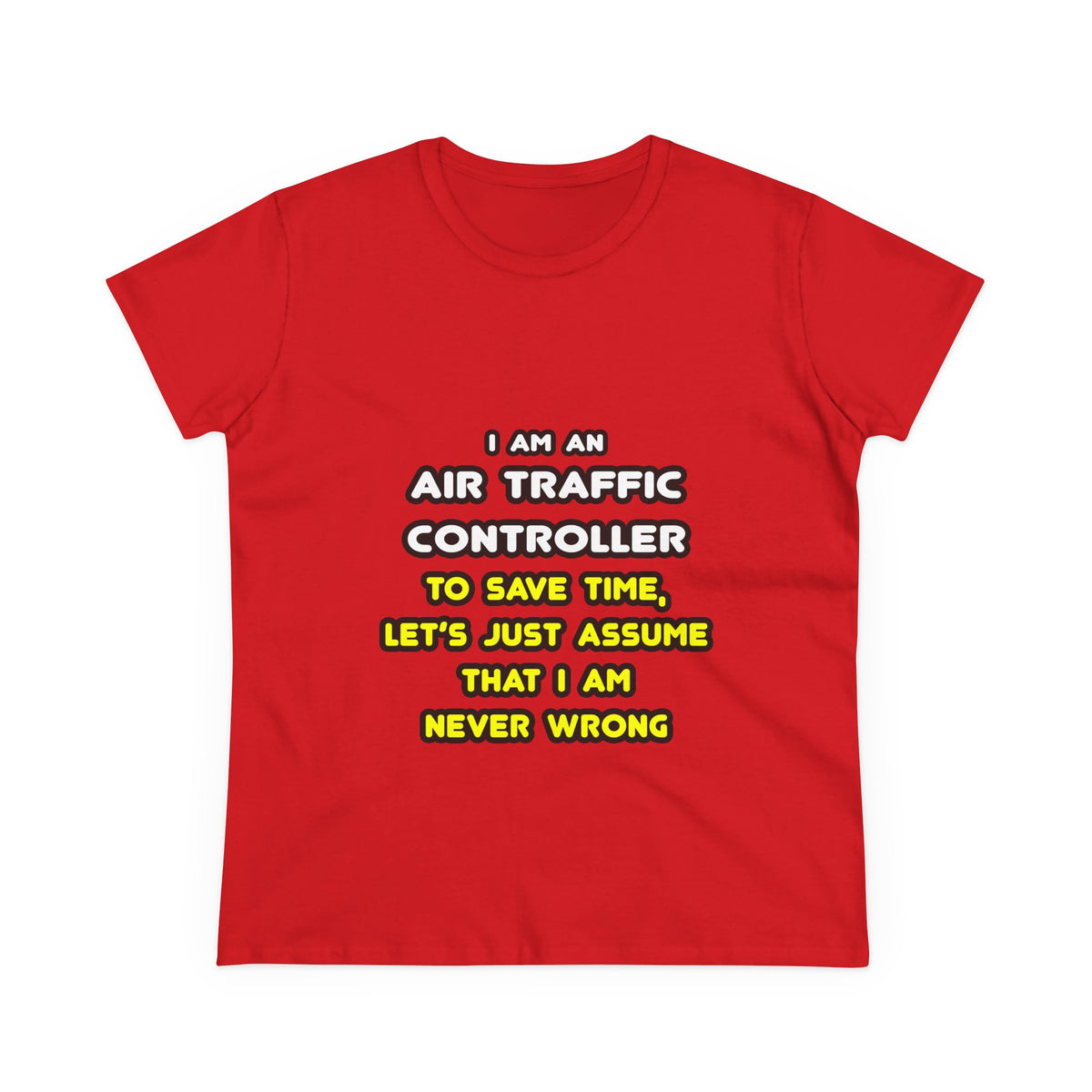 Funny Air Traffic Controller T Shirts - Women's Midweight Cotton Tee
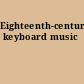 Eighteenth-century keyboard music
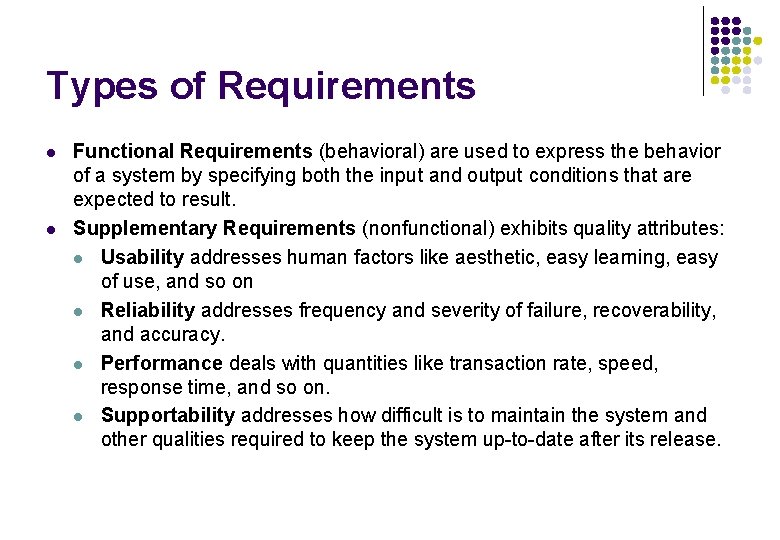 Types of Requirements l l Functional Requirements (behavioral) are used to express the behavior Types of Requirements l l Functional Requirements (behavioral) are used to express the behavior
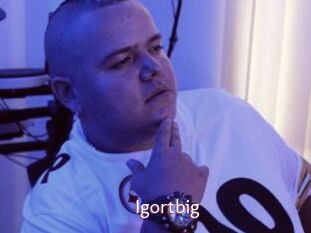 Igortbig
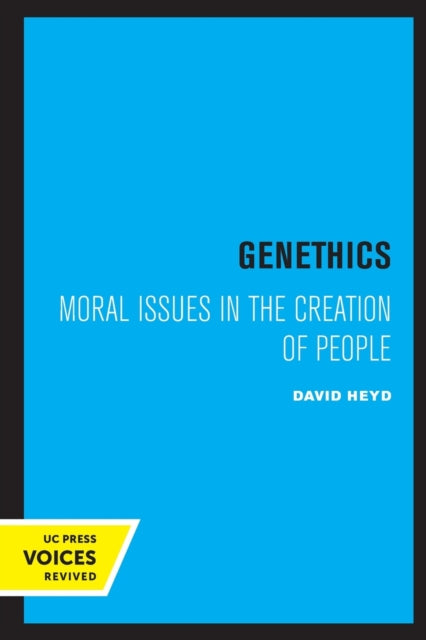 Genethics: Moral Issues in the Creation of People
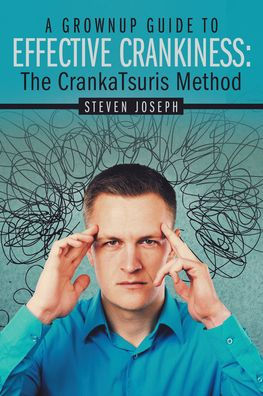 A Grownup Guide to Effective Crankiness: : The Crankatsuris Method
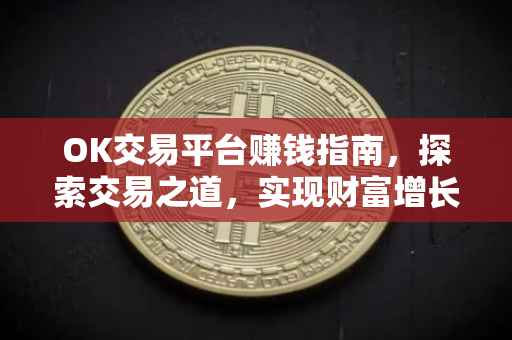 OK交易平台赚钱指南，探索交易之道，实现财富增长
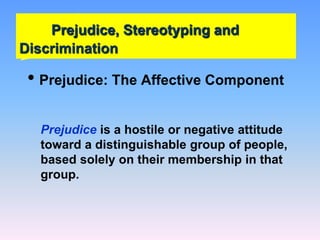 Prejudice, Stereotyping and
Discrimination
• Prejudice: The Affective Component
Prejudice is a hostile or negative attitude
toward a distinguishable group of people,
based solely on their membership in that
group.
 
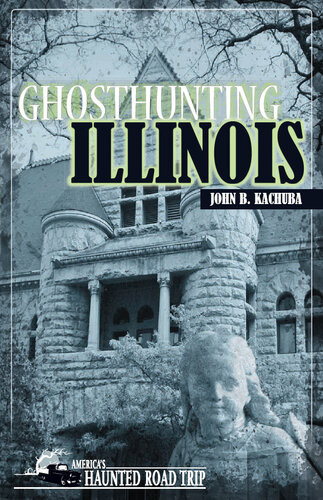 Ghosthunting Illinois John B Kachuba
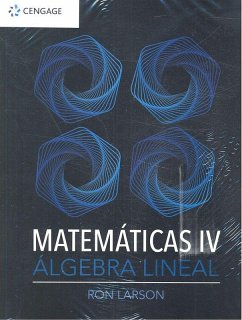Cover MATEMATICAS IV. ALGEBRA LINEAL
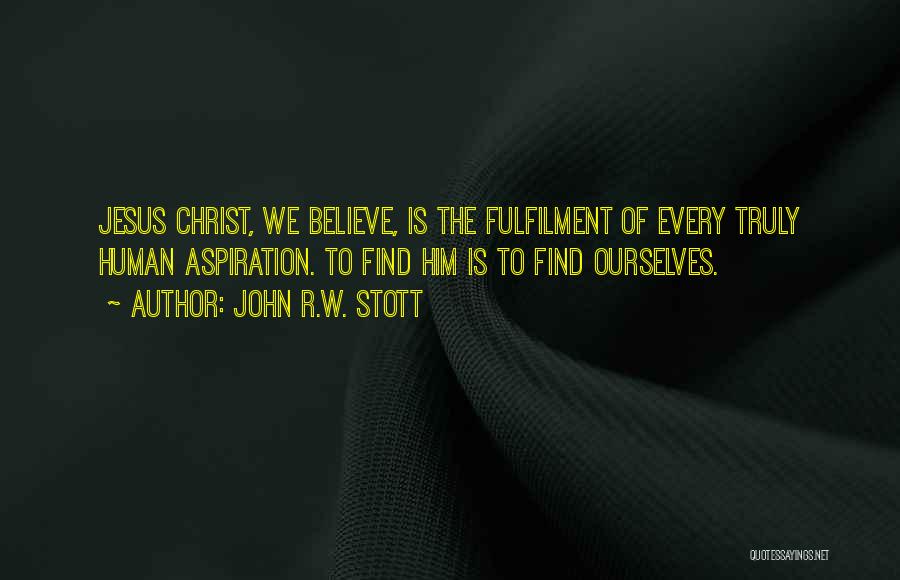 John R.W. Stott Quotes: Jesus Christ, We Believe, Is The Fulfilment Of Every Truly Human Aspiration. To Find Him Is To Find Ourselves.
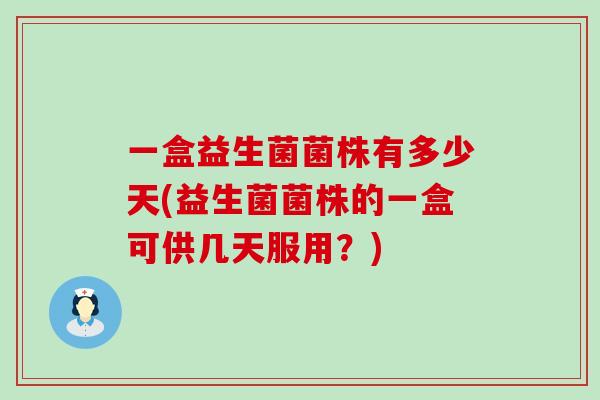 一盒益生菌菌株有多少天(益生菌菌株的一盒可供几天服用?) 一盒益生菌菌株有多少天(益生菌菌株的一盒可供几天服用?)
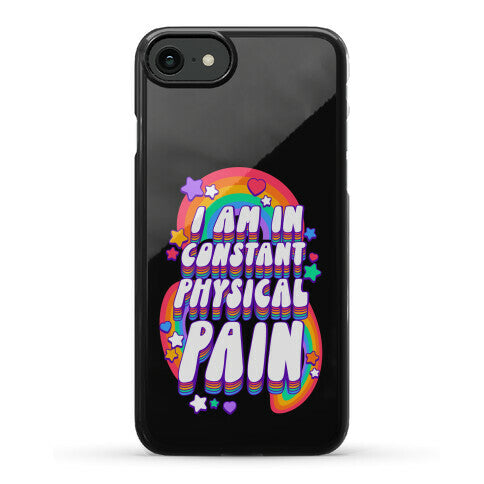 I Am In Constant Physical Pain Rainbows Phone Case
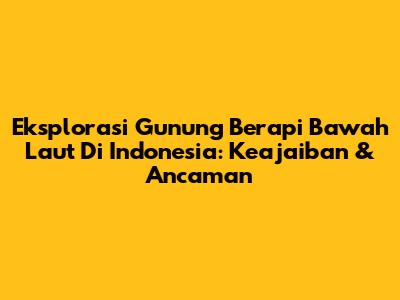 Eksplorasi Gunung Berapi Bawah Laut Di Indonesia: Keajaiban & Ancaman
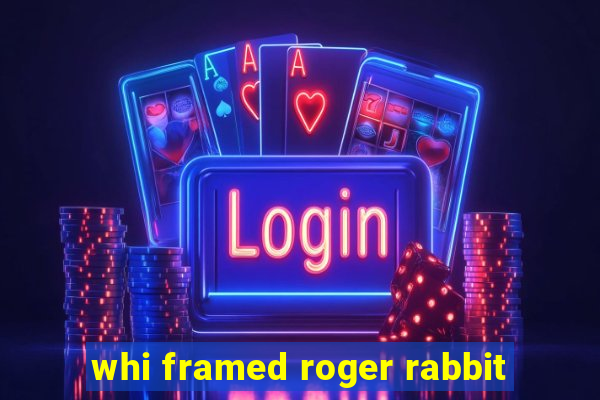 whi framed roger rabbit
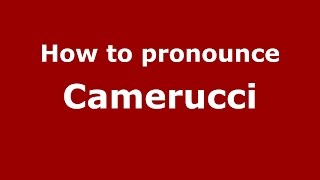 How to pronounce Camerucci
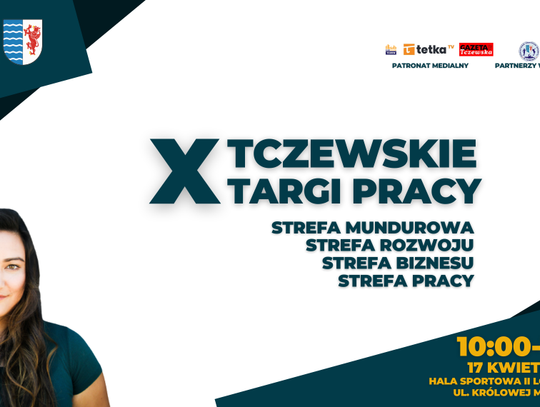 Powiatowy Urząd Pracy zaprasza na X Tczewskie Targi Pracy! Poznasz oferty firm, pracodawców oraz organizatorów szkoleń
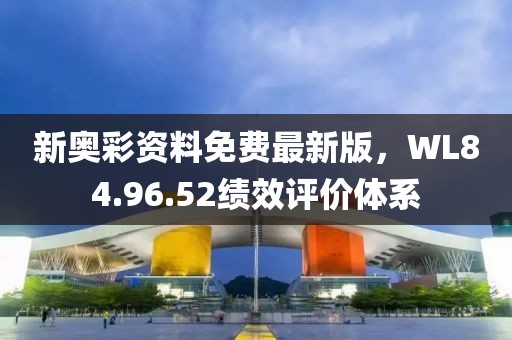 新奥彩资料免费最新版，WL84.96.52绩效评价体系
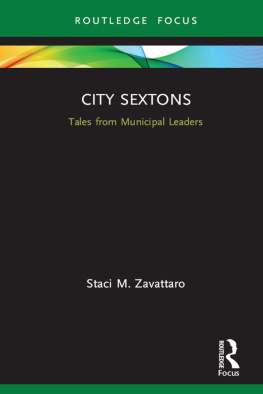 Staci M. Zavattaro City Sextons: Tales From Municipal Leaders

What the task requires: Find each line of the data above that holds the word "group", then copy it.

Response area:
toward a distinguishable group of people,
group.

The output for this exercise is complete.